Ambasciatore d’Italia ma anche di Modena: la modenesità di Nuvolari si chiama Ferrari e Maserati.

Quando i due ‘grandi’, Ferrari e Nuvolari, si incontrano, danno vita ad una vera epopea, che grazie alle esperienze personali e professionali di entrambi fanno prima crescere e poi esplodere le loro leggende. I due si conoscono nel 1924 , ma solo sei anni dopo, nel 1930, Ferrari lo vorrà come pilota di punta della sua neonata scuderia.

Quel ‘magrolino’, che non è ancora il ‘Campionissimo’ che poi sarà in futuro, non convinceva Ferrari del tutto e quindi non gli dà troppo credito, ma anche il Drake non è ancora diventato l’imprenditore illuminato e la sua carriera è solo all’inizio, ma evidentemente hanno fiuto tutti due e si scelgono e le prime scaramucce sul campo di gara, dove Nuvolari su Chiribiri ha la meglio su Ferrari, sono l’inizio di una fortunata collaborazione. Un segno del destino sta nella data comune del 16 novembre, stesso giorno della nascita del “Mantovano volante” e della nuova Scuderia Ferrari Corse.

Poi c’è Maserati: nel 1933, reduce da una lite con Ferrari, dovuto al rifiuto di creare un team insieme, Tazio Nuvolari firma un accordo con la Casa del Tridente di nascosto dal Drake.
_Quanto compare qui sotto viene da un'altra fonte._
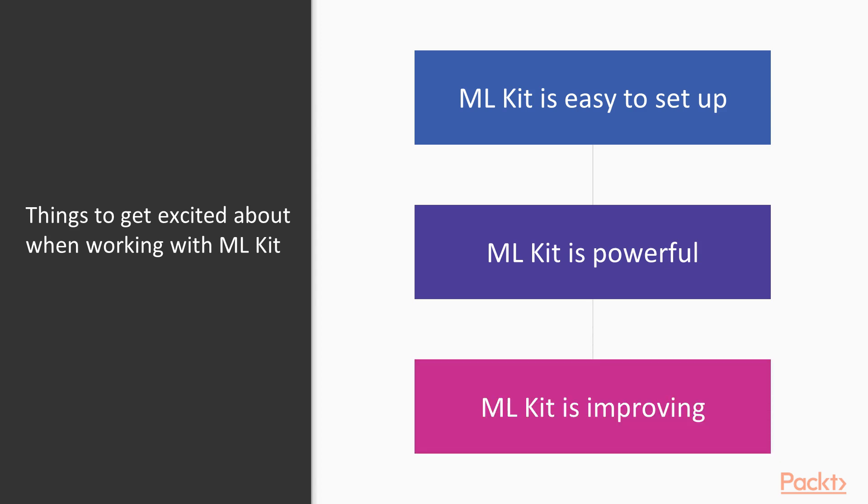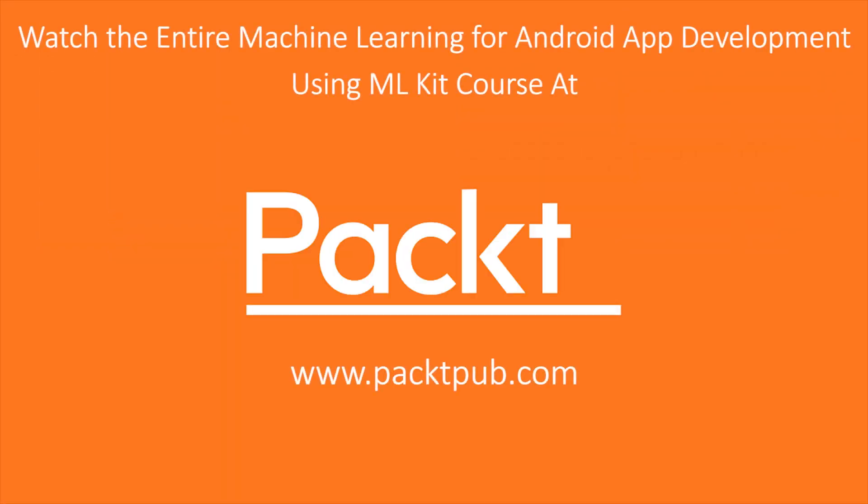And finally, ML Kit is improving every day. So the five models that we're going to talk about in this course are just the beginning. The ML Kit team is already working on Smart Text, which is a text completion module. And after that, month by month, year by year, they'll be releasing more and more models for us to work with in ML Kit. Thank you.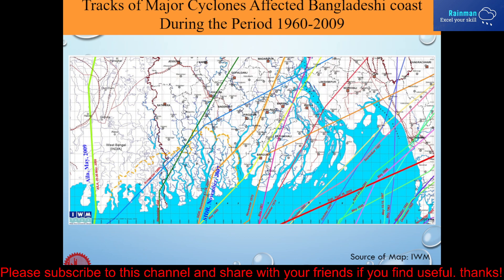These are the tracks of major cyclones that affected the Bangladesh coast during the period 1960 to 2009. It is seen from the map that the 1961 and 1970 cyclones hit the Kuakata coast. I am mentioning this because cyclone or storm surge has significant impact on beach erosion.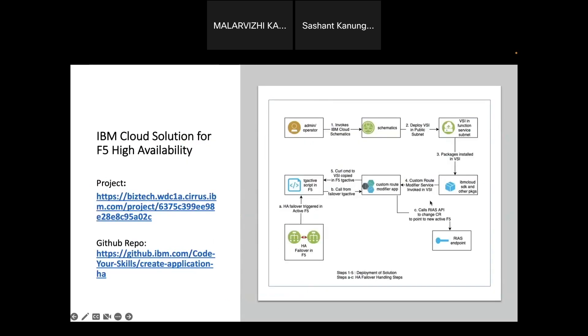This is the solution we have developed for IBM Cloud for F5 high availability. This whole solution is developed using Terraform and Ansible. We are using the IBM Cloud Schematics to deploy our solution. Initially an operator will give the URL where our Terraform and Ansible code is present, and then from the Schematics we will be giving the various parameters for the F5 VNFs external IP, management IP, then subnet where I want to create a VSI.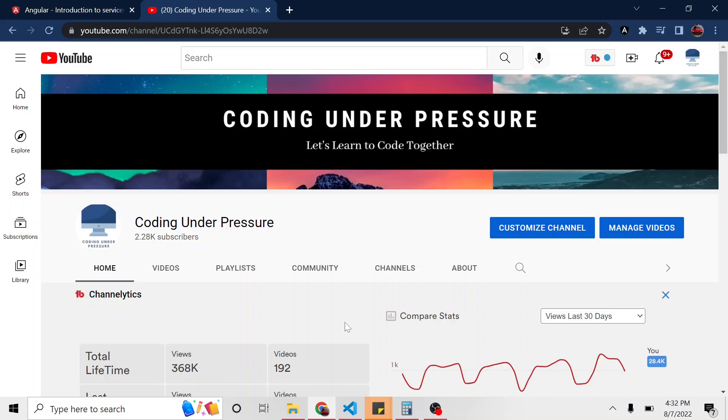Alright, welcome back to another ReLearning Angular video in this series. We've been just going over things in Angular. From the very start, we created a new project. We haven't really made it too pretty, but we've gone over a lot of Angular concepts with this project.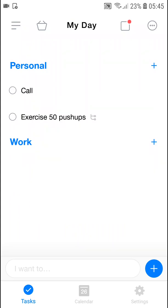Welcome everybody, my name is Markus and in this video I'll show a simple way how you can use calendar in Any.do.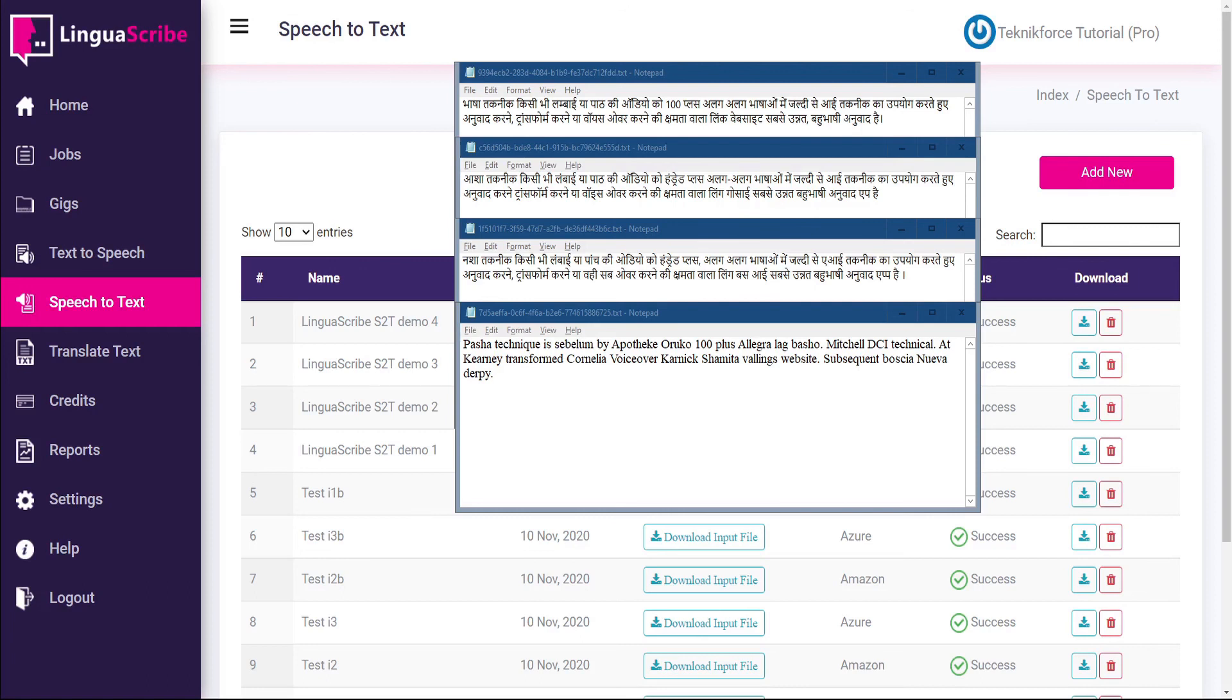And that's how easy it is to convert speech to text using Linguascribe. I hope you found this tutorial useful. Thanks very much for watching.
Con la Maserati 8CM ‘Nivola’ ottiene straordinarie vittorie, poi nel 1934 con la Maserati 6C-34 progettata da Ernesto Maserati, dopo aver debuttato a Monza con un quinto posto, avrà un finale di stagione esaltante con vittorie prestigiose compresa quella del 14 ottobre al Circuito di Modena.

Resta leggenda l’aneddoto di quando Tazio Nuvolari si presentò a Livorno, per la Coppa Ciano, con una Maserati e nei giorni prima della corsa la tenne nascosta nel negozio di un ciabattino per evitare di farsi scoprire da Enzo Ferrari.